● Required action: Lines from the one with "Champagne and Flowers Gift Crate" to the end of the material, both included: print them exactly and print nothing else. Omit the pictures.

--

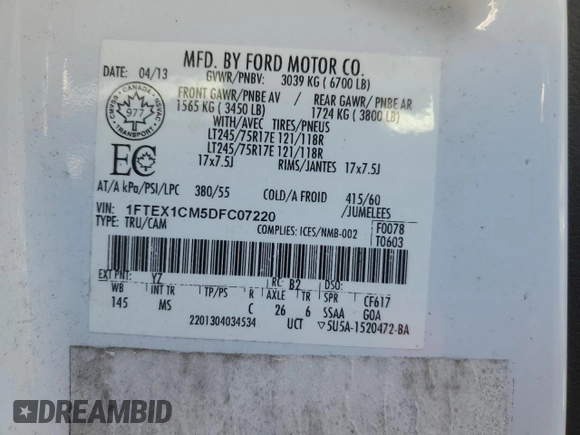 2013 Ford F-150 XL with VIN 1FTEX1CM5DFC07220, listed as a Copart auction lot 75816154 with Not Provided miles and Clean Title. Bid and sale history available at carsss.com. Image 12.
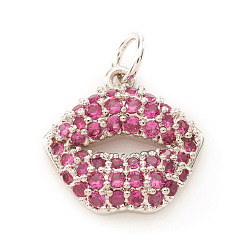 Платина Латунные микро проложить кубического циркония прелести, макияж прелести, с прыжковых колец, губа, красно-фиолетовые, платина, 11x11.5x3 мм, Перейти кольцо: 4x0.5 мм, отверстие : 2.5 мм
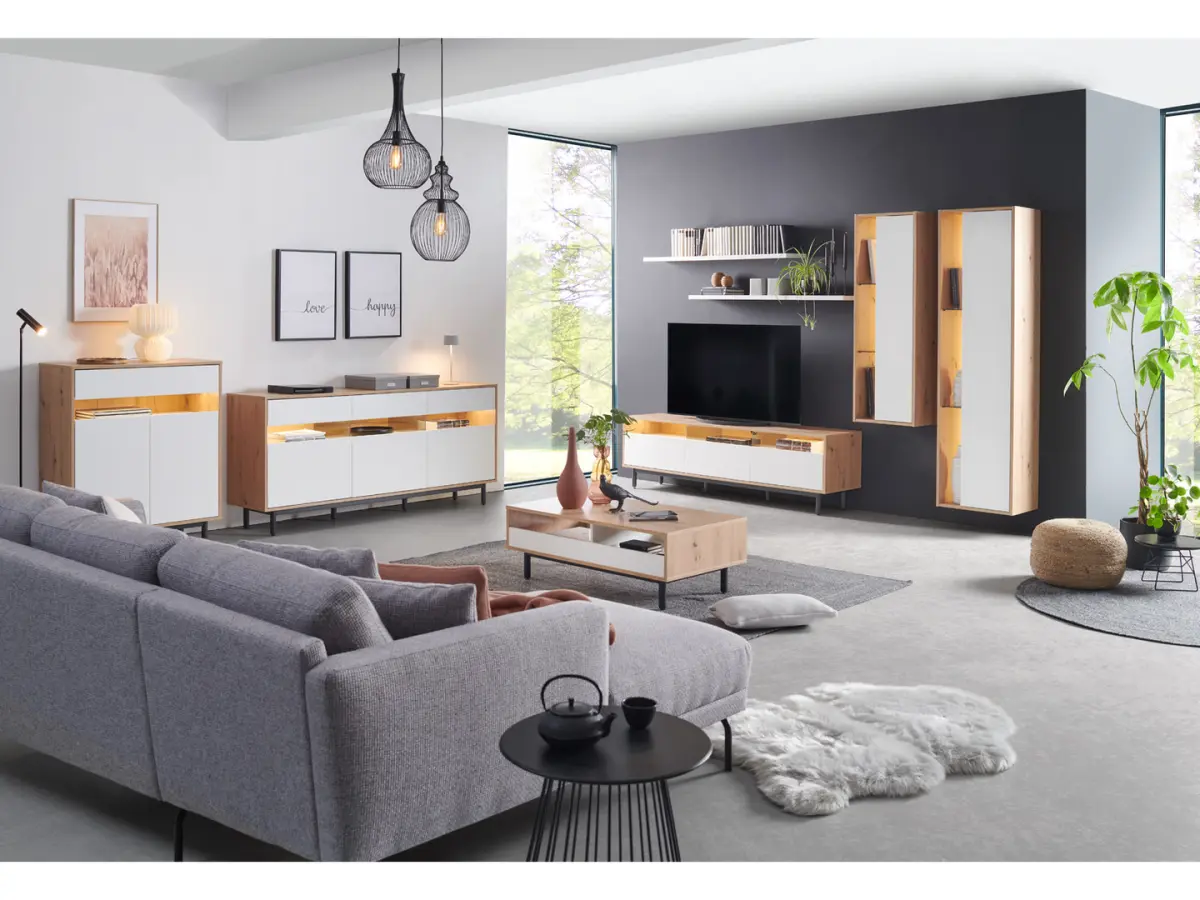 Mueble TV Gap 190 cm con 3 cajones roble artisan/blanco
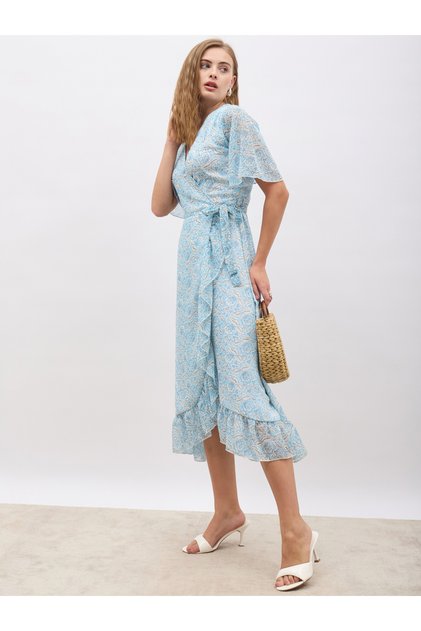 Floral Print V Neck Wrap Midi Dress with Ruffle Hem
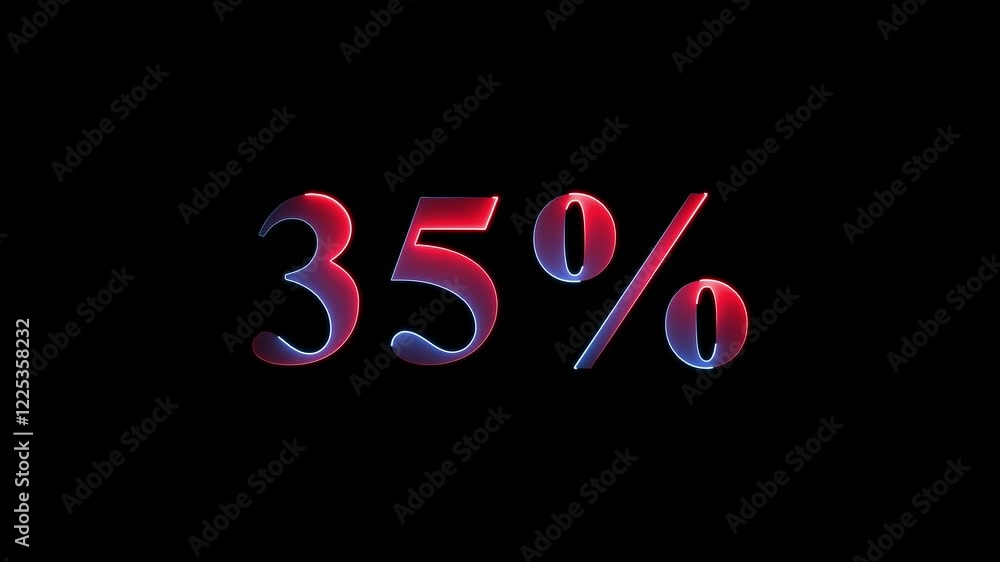Abstract 35% percent text neon animation.Glowing neon number 35 Percent Discount neon animation. 4k animation Abstract 35% percent text neon animation.Glowing neon number 35 Percent Discount neon animation. 4k animation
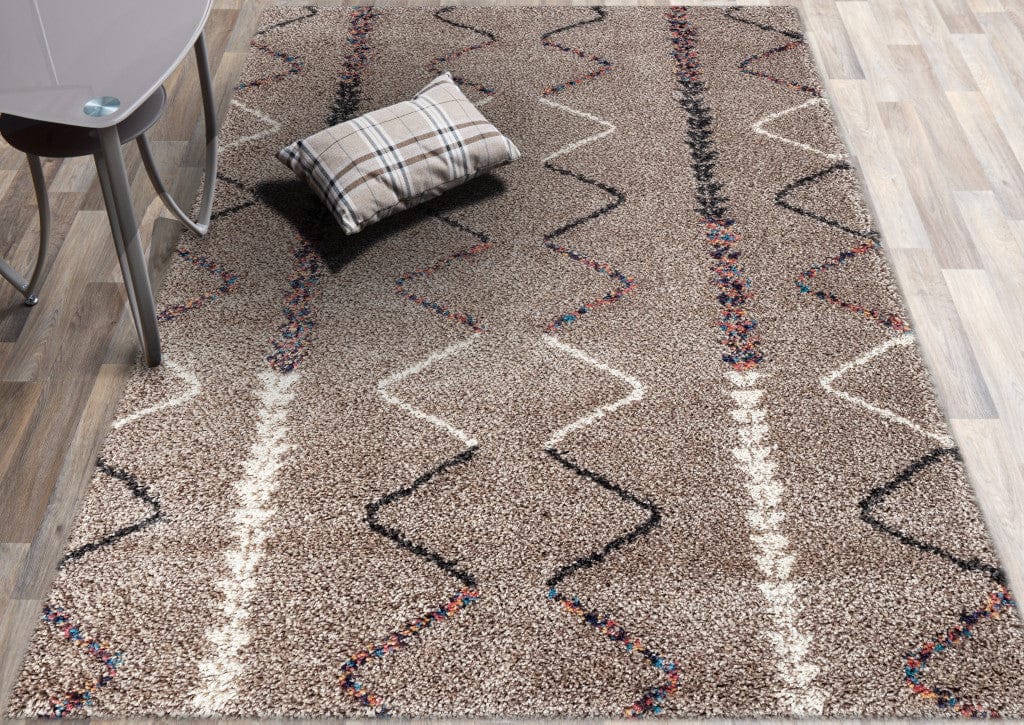 8' x 12' Beige and Brown Moroccan Geo Stain Resistant Area Rug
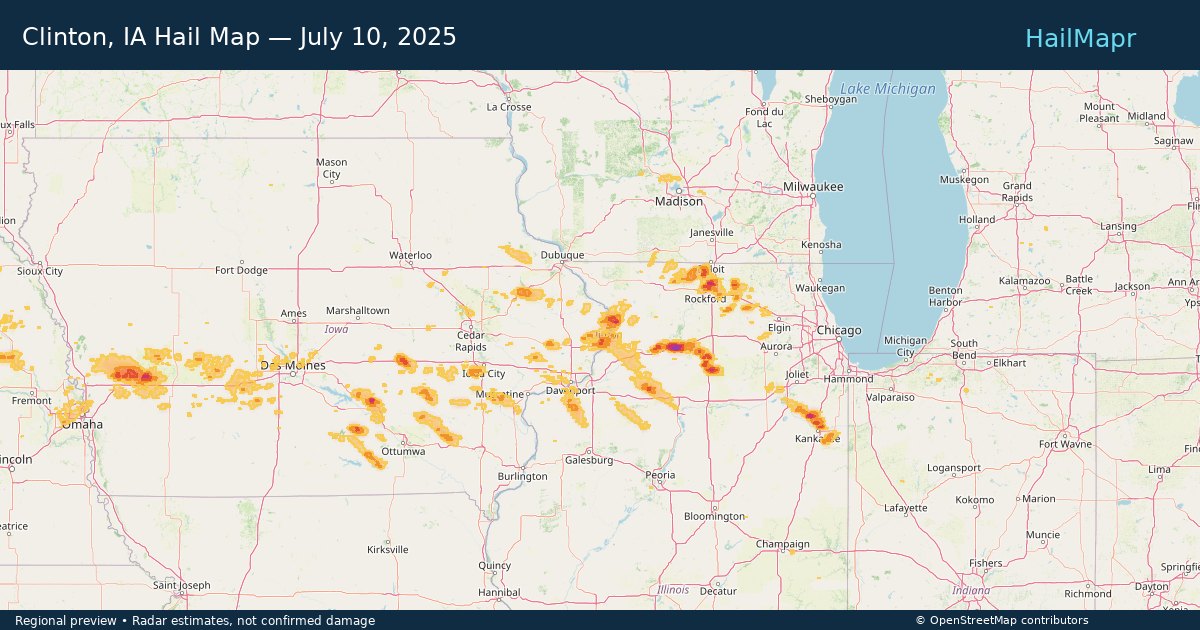Clinton, IA — July 10, 2025 — regional hail footprint preview
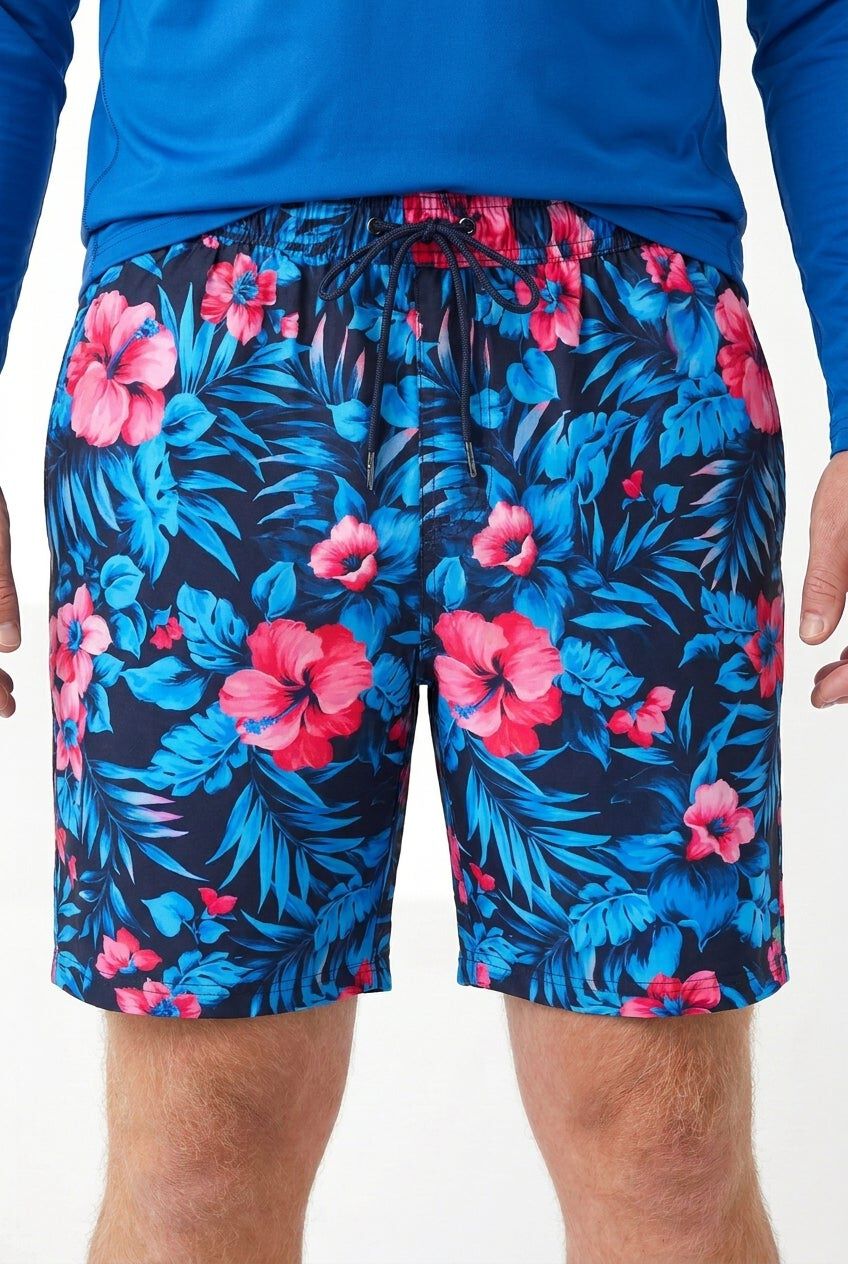 8 inches Swim Trunks with Super Stretch Liner, BLUE EXOTIC FLORAL, hi-res image number 0
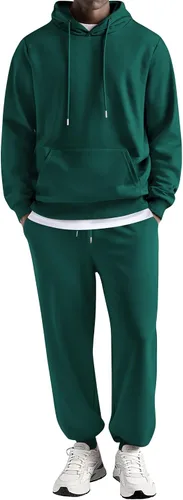 Vista 67 de COOFANDY Conjunto deportivo de 2 piezas para hombre, conjunto deportivo casual con capucha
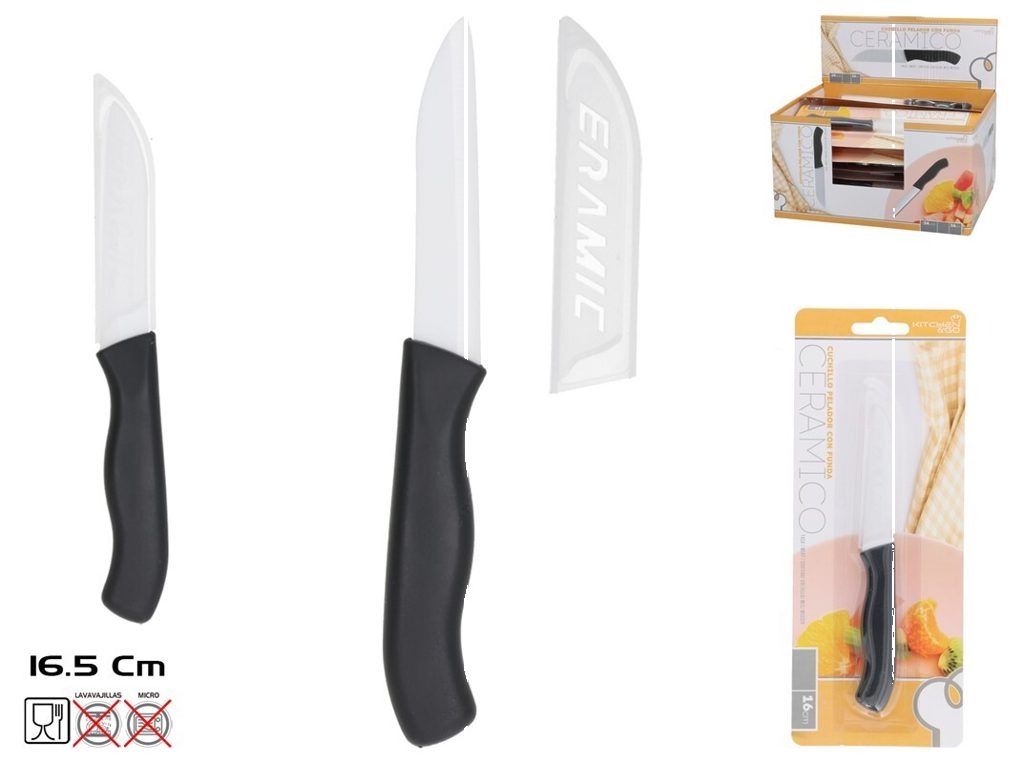 [142481] CUCHILLO PELADOR CERAMICO CON FUNDA 16 CM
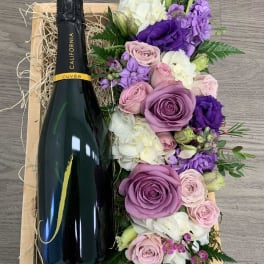 Champagne and Flowers Gift Crate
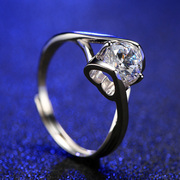 莫桑石钻戒女一克拉钻石戒指925银求婚订婚结婚520送女友情侣对戒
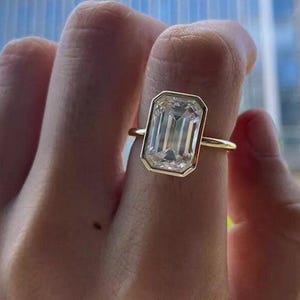5 CT Emerald Cut Moissanite Engagement Ring, 14K Yellow Gold Bezel Set Ring, Solitaire Moissanite Ring, Wedding Emerald Moissanite Cut Ring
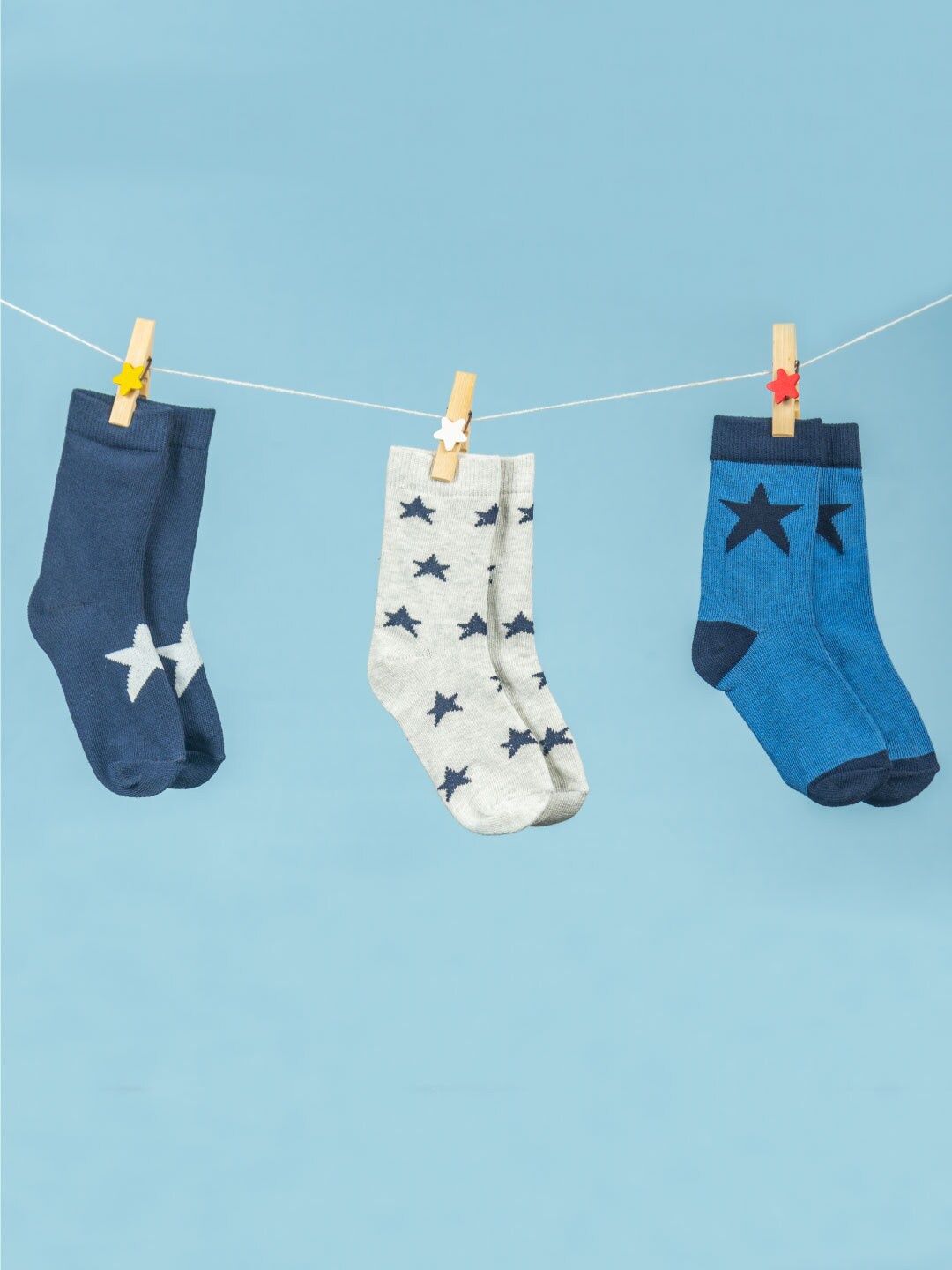 

Mylo Infants Kids Pack Of 3 Patterned Above Ankle-Length Socks, Blue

--

● Your solution:
 Champagne and Flowers Gift Crate
 莫桑石钻戒女一克拉钻石戒指925银求婚订婚结婚520送女友情侣对戒
5 CT Emerald Cut Moissanite Engagement Ring, 14K Yellow Gold Bezel Set Ring, Solitaire Moissanite Ring, Wedding Emerald Moissanite Cut Ring

Mylo Infants Kids Pack Of 3 Patterned Above Ankle-Length Socks, Blue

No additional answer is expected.